Loss-of-Function Variants in DRD1 in Infantile Parkinsonism-Dystonia

The human dopaminergic system is vital for a broad range of neurological processes, including the control of voluntary movement. Here we report a proband presenting with clinical features of dopamine deficiency: severe infantile parkinsonism-dystonia, characterised by frequent oculogyric crises, dysautonomia and global neurodevelopmental impairment. CSF neurotransmitter analysis was unexpectedly normal. Triome whole-genome sequencing revealed a homozygous variant (c.110C>A, (p.T37K)) in DRD1, encoding the most abundant dopamine receptor (D-1) in the central nervous system, most highly expressed in the striatum. This variant was absent from gnomAD, with a CADD score of 27.5. Using an in vitro heterologous expression system, we determined that DRD1-T37K results in loss of protein function. Structure-function modelling studies predicted reduced substrate binding, which was confirmed in vitro. Exposure of mutant protein to the selective D-1 agonist Chloro APB resulted in significantly reduced cyclic AMP levels. Numerous D-1 agonists failed to rescue the cellular defect, reflected clinically in the patient, who had no benefit from dopaminergic therapy.
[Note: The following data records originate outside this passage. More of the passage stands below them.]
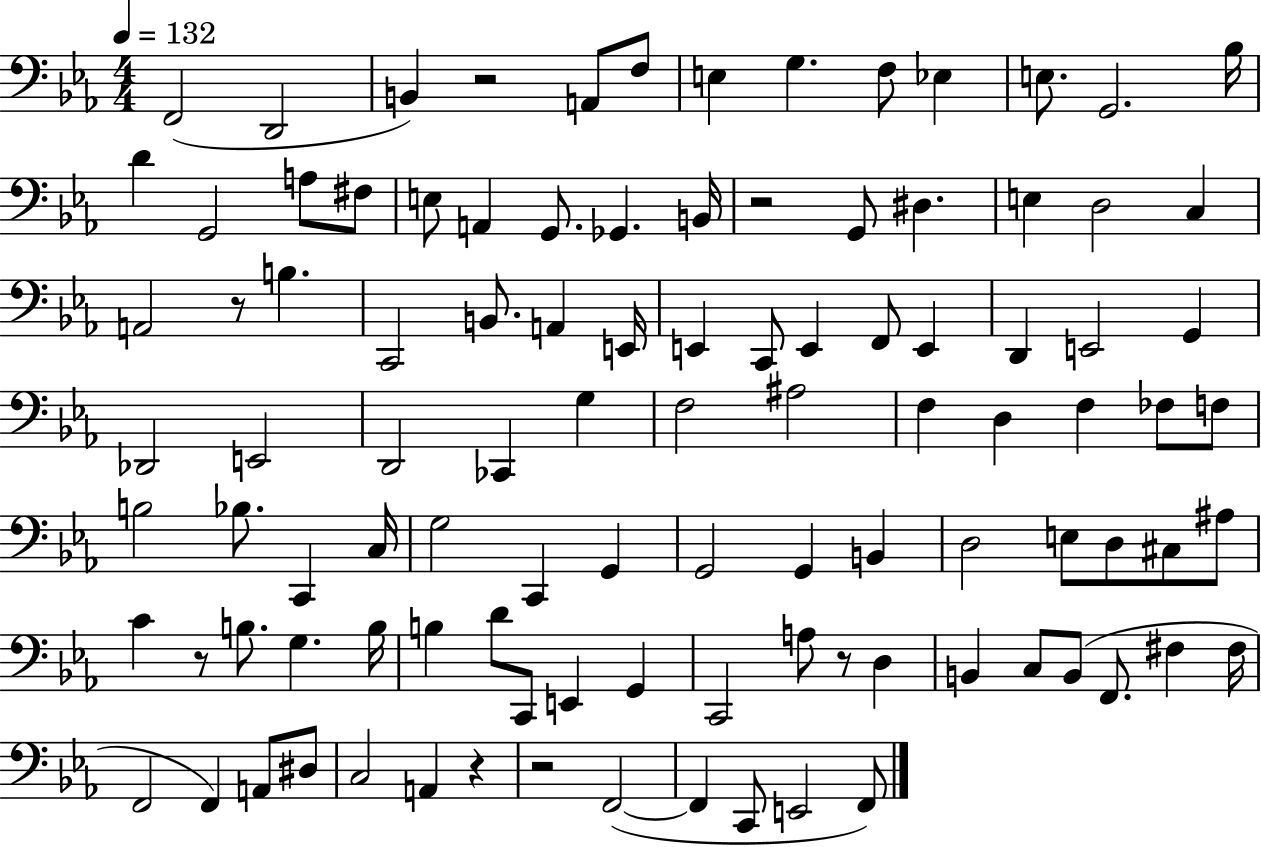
F2/h D2/h B2/q R/h A2/e F3/e E3/q G3/q. F3/e Eb3/q E3/e. G2/h. Bb3/s D4/q G2/h A3/e F#3/e E3/e A2/q G2/e. Gb2/q. B2/s R/h G2/e D#3/q. E3/q D3/h C3/q A2/h R/e B3/q. C2/h B2/e. A2/q E2/s E2/q C2/e E2/q F2/e E2/q D2/q E2/h G2/q Db2/h E2/h D2/h CES2/q G3/q F3/h A#3/h F3/q D3/q F3/q FES3/e F3/e B3/h Bb3/e. C2/q C3/s G3/h C2/q G2/q G2/h G2/q B2/q D3/h E3/e D3/e C#3/e A#3/e C4/q R/e B3/e. G3/q. B3/s B3/q D4/e C2/e E2/q G2/q C2/h A3/e R/e D3/q B2/q C3/e B2/e F2/e. F#3/q F#3/s F2/h F2/q A2/e D#3/e C3/h A2/q R/q R/h F2/h F2/q C2/e E2/h F2/e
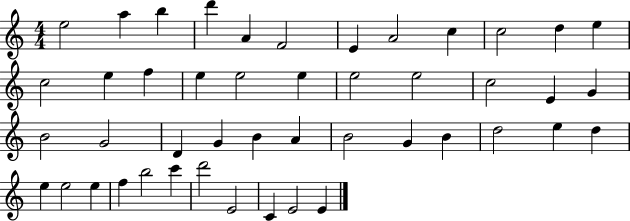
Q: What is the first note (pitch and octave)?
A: E5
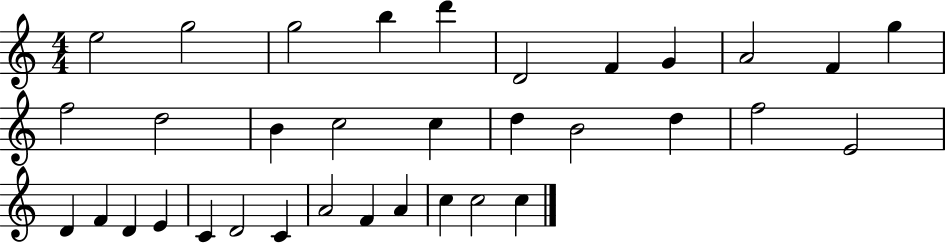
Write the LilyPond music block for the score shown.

{
  \clef treble
  \numericTimeSignature
  \time 4/4
  \key c \major
  e''2 g''2 | g''2 b''4 d'''4 | d'2 f'4 g'4 | a'2 f'4 g''4 | \break f''2 d''2 | b'4 c''2 c''4 | d''4 b'2 d''4 | f''2 e'2 | \break d'4 f'4 d'4 e'4 | c'4 d'2 c'4 | a'2 f'4 a'4 | c''4 c''2 c''4 | \break \bar "|."
}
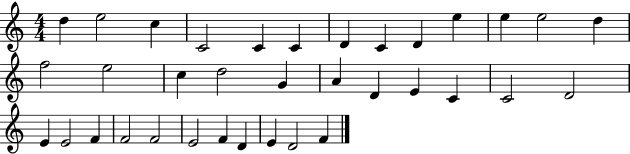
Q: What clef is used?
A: treble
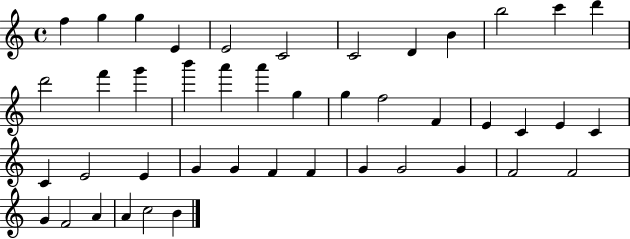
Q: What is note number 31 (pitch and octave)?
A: G4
Our study identifies DRD1 as a new disease-associated gene, suggesting a crucial role for the D-1 receptor in motor control.

Automated summary

In this study, a patient with severe infantile parkinsonism-dystonia was reported, exhibiting clinical features of dopamine deficiency. Whole-genome sequencing identified a homozygous variant in the DRD1 gene, resulting in loss of function of the D-1 receptor. The findings highlight the crucial role of the D-1 receptor in motor control.